# How much pumpkin



## MalteseJane (Nov 21, 2004)

How much pumpkin do you have to give for constipation ?
I started Alex on the heart murmur medicine on Wednesday and he has not pooped since. I was at the vet yesterday and the lady vet (my vet was not there but she called him) said to stop the medicine until Monday and to give him pumpkin. He still had the diuretic yesterday morning and I am wondering if it is not this one that's constipating him. He did not had the anapril yesterday. They did a in house test for his kidneys and they are fine. 
Now making Alex eat pumpkin is another story. I have to pry open his mouth (mind you he is clenching his teeth) and then I can get half a teaspoon of pumpkin in there. Once it's in, he has no other alternative then swallow. Normally I pick him up and put him on my countertop to do that. This morning I tried to do it with him on the floor. Remember kids running away from you when you want them to eat something they don't want and you follow them ? Well that was Alex running around and growling (in a playfull way) trying to escape me.


----------



## phesty (May 30, 2006)

If I remember correctly, I gave Josie about two tablespoons the first time then I waited a five or six hours and gave her some more. I ended up giving her about a 1/4 cup and that did the trick. I would start with a small amount and see if you have results in a few hours and then give more. You could try mixing it with applesauce to see if he'll eat it. Doesn't Alex eat what you eat? Then you may be needing to eat some pumpkin to inspire your boy! :biggrin: 

Josie says: Alex, you need to eat your pumpkin, cause poopin' feels good!!!


----------



## Gemma (Jan 19, 2006)

:smpullhair: sparkey has diarrhea and I gave him a teaspoon of pumpkin. no wonder why it doesn't work because it's for constipation? :blush:


----------



## MalteseJane (Nov 21, 2004)

Oh my gosh I am far away from the 1/4 cup. He does not even TRY to go. Well my little bugger is in for some more pumpkin. At least yesterday and today he ate a little more. The days before he barely touched his food.
:HistericalSmiley: yes he eats what we eat, but he chooses to eat only what HE likes. I don't think showing him that I eat pumpkin would do the trick.

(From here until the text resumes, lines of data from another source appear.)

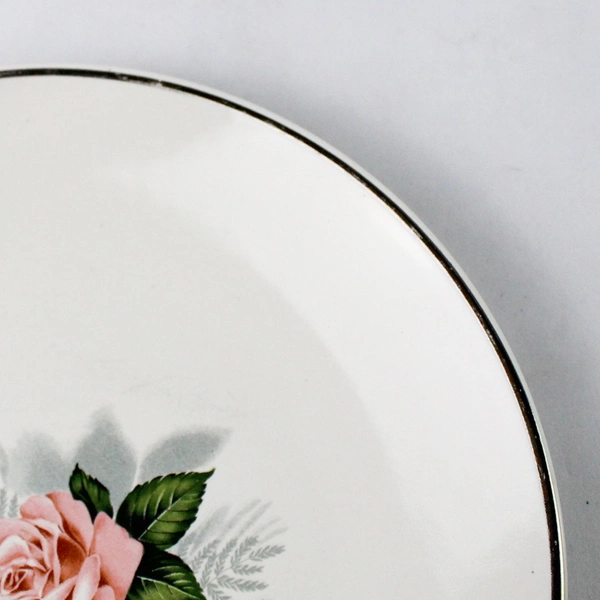 Set of 4 Taylor Smith Taylor Summer Rose Platinum Bread Plates 6.5 Inch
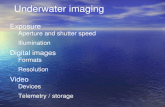 Underwater imaging Exposure Exposure Aperture and shutter speed Aperture and shutter speed Illumination Illumination Digital images Digital images Formats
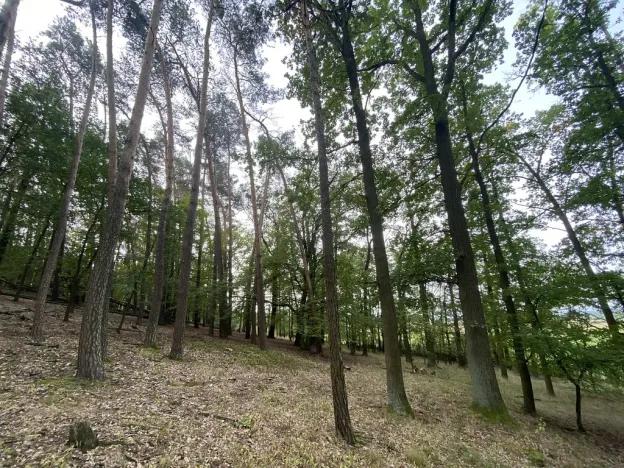 Prodej lesa, Ostřetín - Vysoká u Holic, 11957 m2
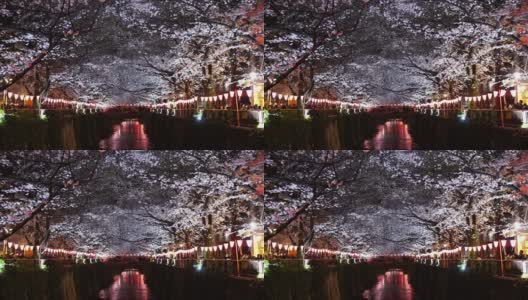 目黑河的樱花节。目黑河。是春季的热门景点。高清在线视频素材下载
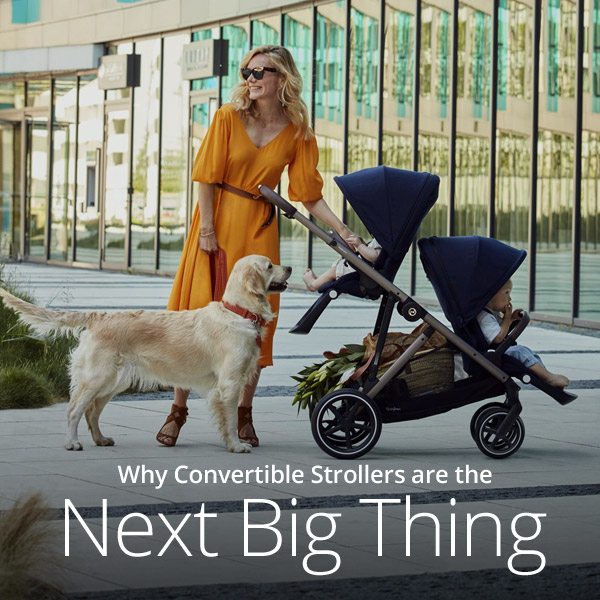 Read Article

Nope, if it's for constipation it can't work for diarrhea. :HistericalSmiley:


----------



## Maidto2Maltese (Oct 19, 2004)

Actually pumpkin DOES work for both diarrhea and constipation ...crazy as that sounds!!
It's the fiber... and the reason it works for both is this: 
With diarrhea it 'absorbs' the excess 'water' in the intestional tract to help 'firm' up the stools. In constipation there is not enough 'water' in the intestional tract so the fibler will 'pull' water into the intestional tract to help soften hardened stools.

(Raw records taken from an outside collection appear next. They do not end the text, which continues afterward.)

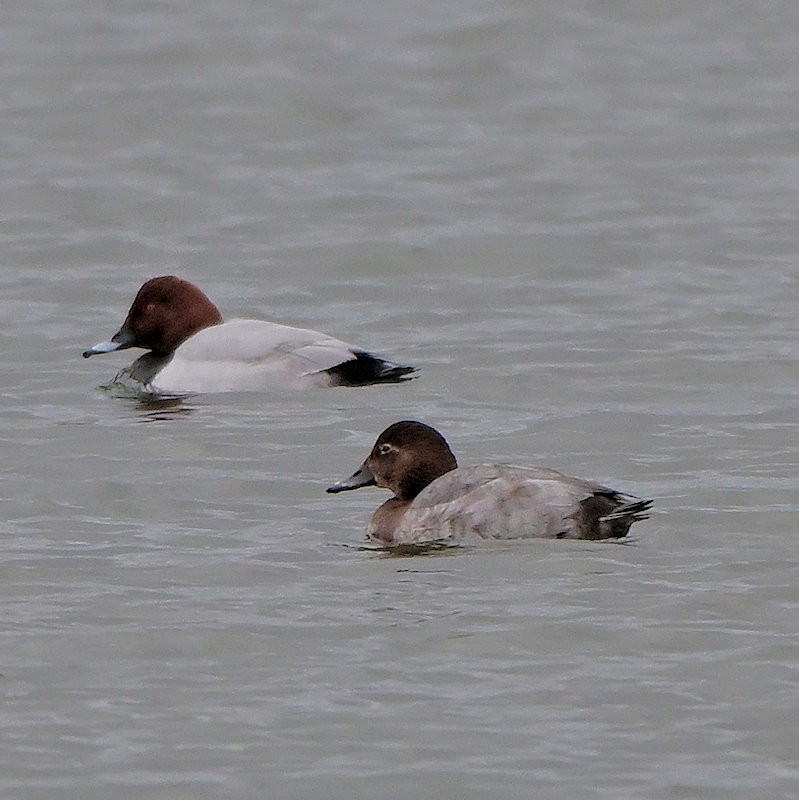 Common Pochard - ML645512432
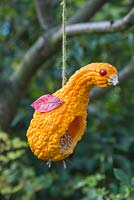 A Gourd Bird Feeder made from a Gourd and natural materials, designed to look like a duck, chicken or bird
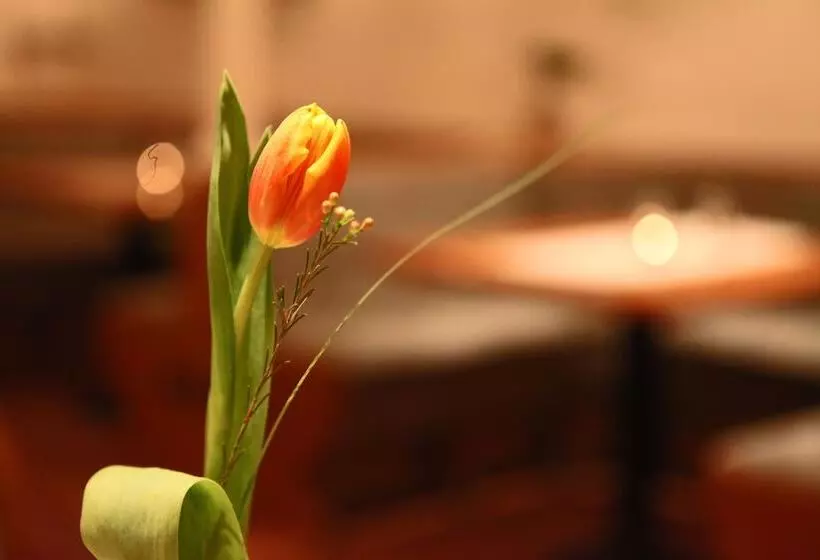 ペンション Penzion & Wellness Zoborska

Janine.. it IS likely the lasix . You might want to think about adding a bit of extra fiber on a daily basis . or a tiny bit of 'oil' to Alex's diet . Missy was on lasix but I didn't have that problem... however due to her diabetes she was on a high-fiber diet which likely helped also had her on Dermcaps ( mixture of oils : flaxseed oil, fish oil, borage seed oil, and Vit E) .


----------



## Gemma (Jan 19, 2006)

> Actually pumpkin DOES work for both diarrhea and constipation ...crazy as that sounds!!
> It's the fiber... and the reason it works for bot his this:
> With diarrhea it 'absorbs' the excess 'water' in the intestional tract to help 'firm' up the stools. In constipation there is not enough 'water' in the intestional tract so the fibler will 'pull' water into the intestional tract to help soften hardened stools.[/B]


 :smheat: thanks Terry :thumbsup: I can't give him that much anyway. he hates it. I just mixed some with baby food and he ate it.


----------



## ClaBec Maltese (Feb 19, 2007)

> :smpullhair: sparkey has diarrhea and I gave him a teaspoon of pumpkin. no wonder why it doesn't work because it's for constipation? :blush:[/B]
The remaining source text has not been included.